Using the listing below, set down exactly the lines starting at the line that contains "Platform Sakane Women's" and ending at the line that contains "Aaron Zhang Bluffs", both included, and no others.

- **Data for analysis**:
#####

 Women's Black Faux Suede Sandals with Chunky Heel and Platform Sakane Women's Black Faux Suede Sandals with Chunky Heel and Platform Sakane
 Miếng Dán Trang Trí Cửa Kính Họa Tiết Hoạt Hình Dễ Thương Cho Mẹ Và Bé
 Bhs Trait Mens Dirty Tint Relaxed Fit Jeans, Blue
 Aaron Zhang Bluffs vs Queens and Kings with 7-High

#####

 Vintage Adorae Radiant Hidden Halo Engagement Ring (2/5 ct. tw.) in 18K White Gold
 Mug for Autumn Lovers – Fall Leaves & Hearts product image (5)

#####

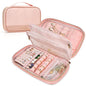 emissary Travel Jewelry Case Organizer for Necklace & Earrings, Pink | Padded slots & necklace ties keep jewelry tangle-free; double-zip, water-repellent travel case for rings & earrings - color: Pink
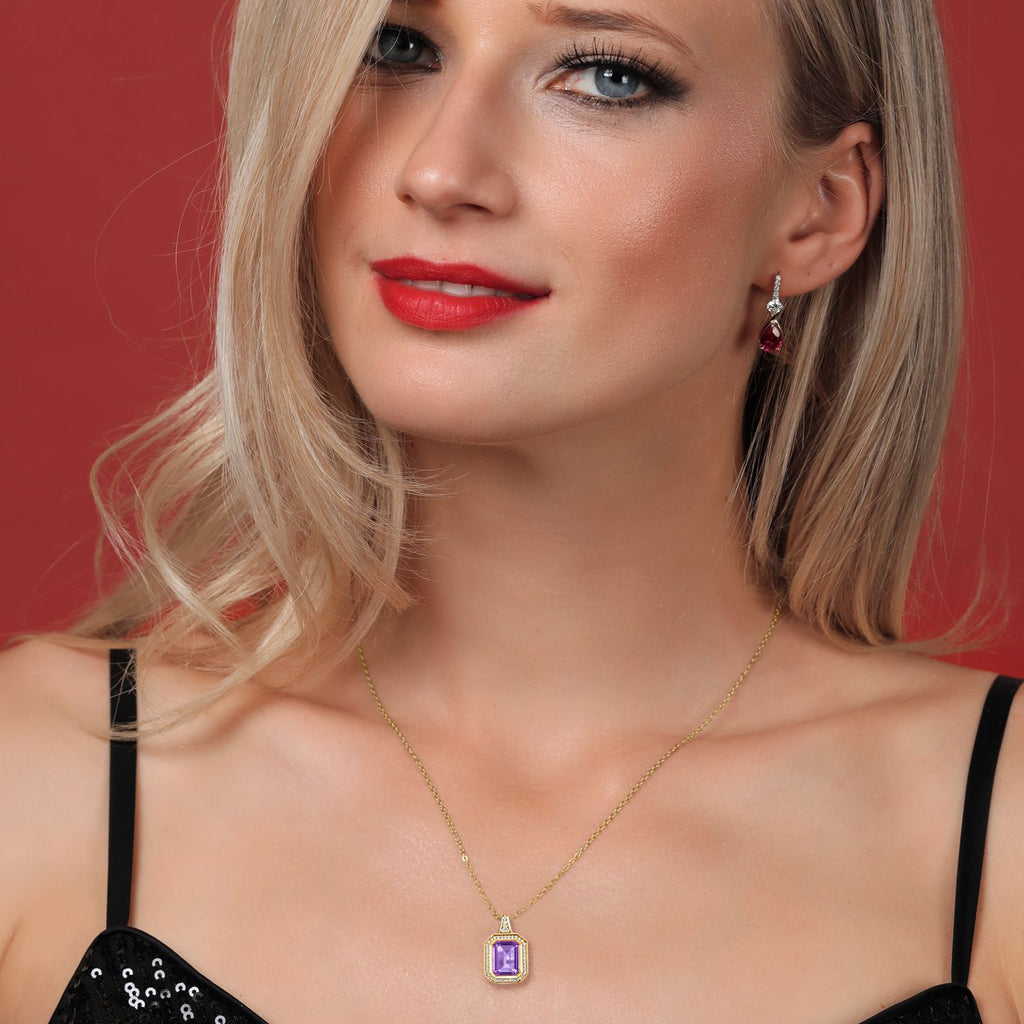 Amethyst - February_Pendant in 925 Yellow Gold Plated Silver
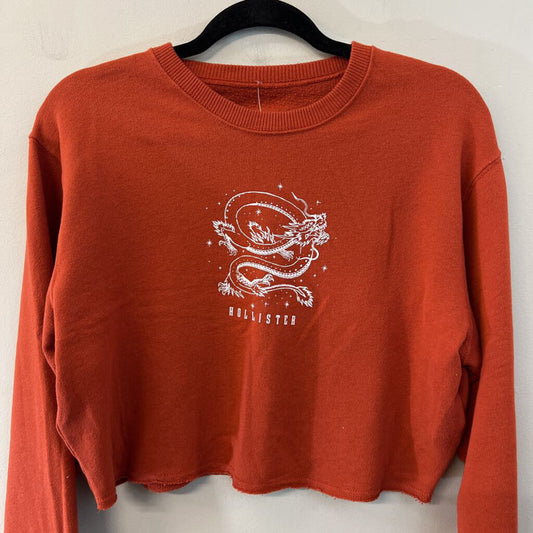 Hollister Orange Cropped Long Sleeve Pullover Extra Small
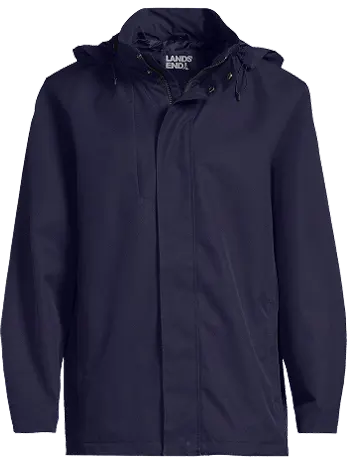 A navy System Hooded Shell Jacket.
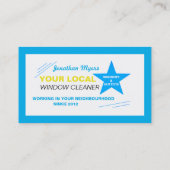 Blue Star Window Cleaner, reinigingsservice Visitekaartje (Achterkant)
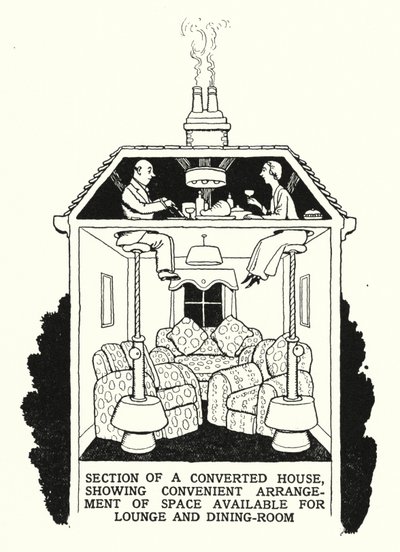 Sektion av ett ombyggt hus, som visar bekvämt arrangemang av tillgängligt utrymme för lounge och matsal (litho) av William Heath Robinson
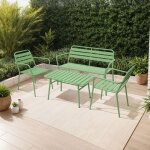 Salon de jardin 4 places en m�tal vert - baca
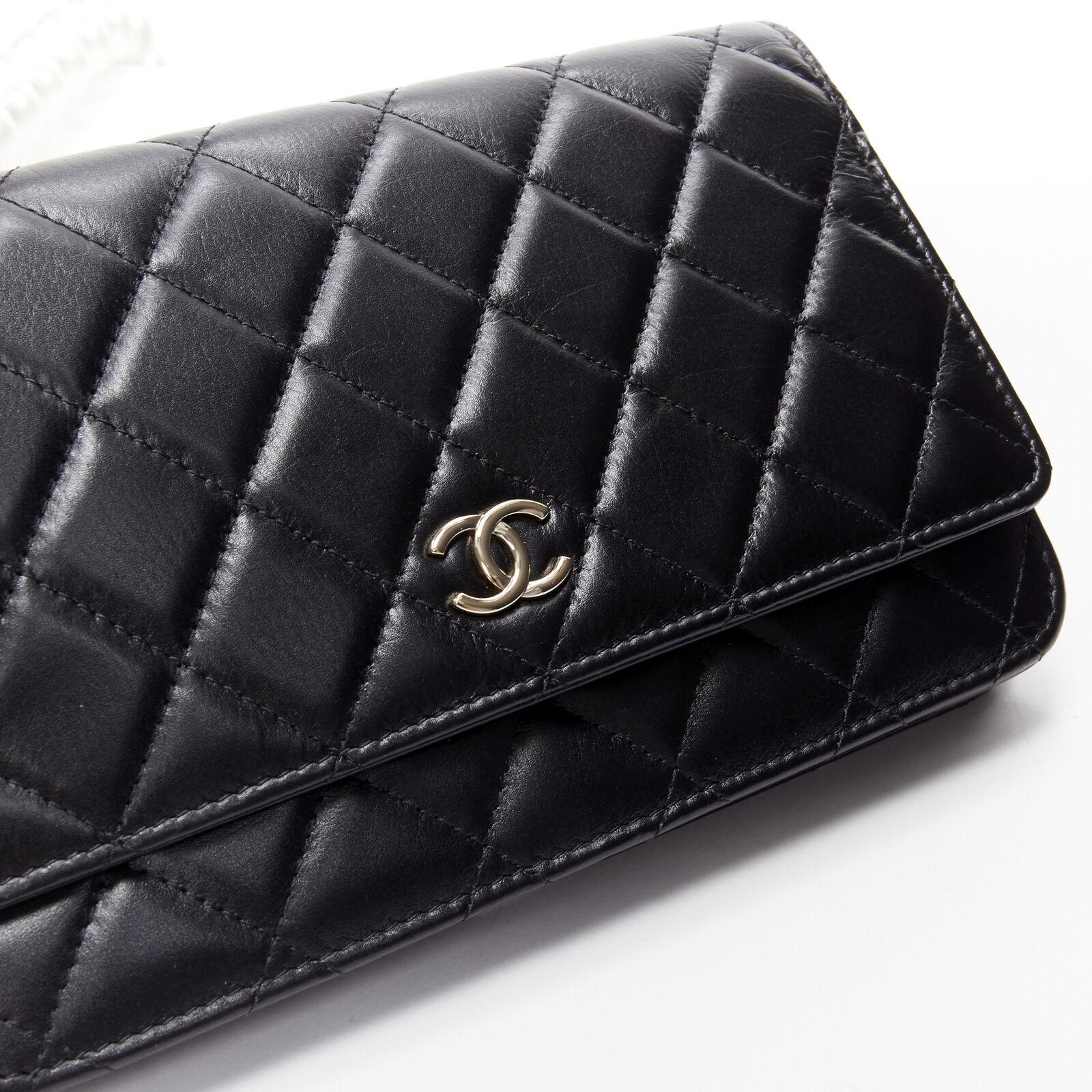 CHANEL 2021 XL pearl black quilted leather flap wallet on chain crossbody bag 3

#####

- **Answer box**:
 Women's Black Faux Suede Sandals with Chunky Heel and Platform Sakane Women's Black Faux Suede Sandals with Chunky Heel and Platform Sakane
 Miếng Dán Trang Trí Cửa Kính Họa Tiết Hoạt Hình Dễ Thương Cho Mẹ Và Bé
 Bhs Trait Mens Dirty Tint Relaxed Fit Jeans, Blue
 Aaron Zhang Bluffs vs Queens and Kings with 7-High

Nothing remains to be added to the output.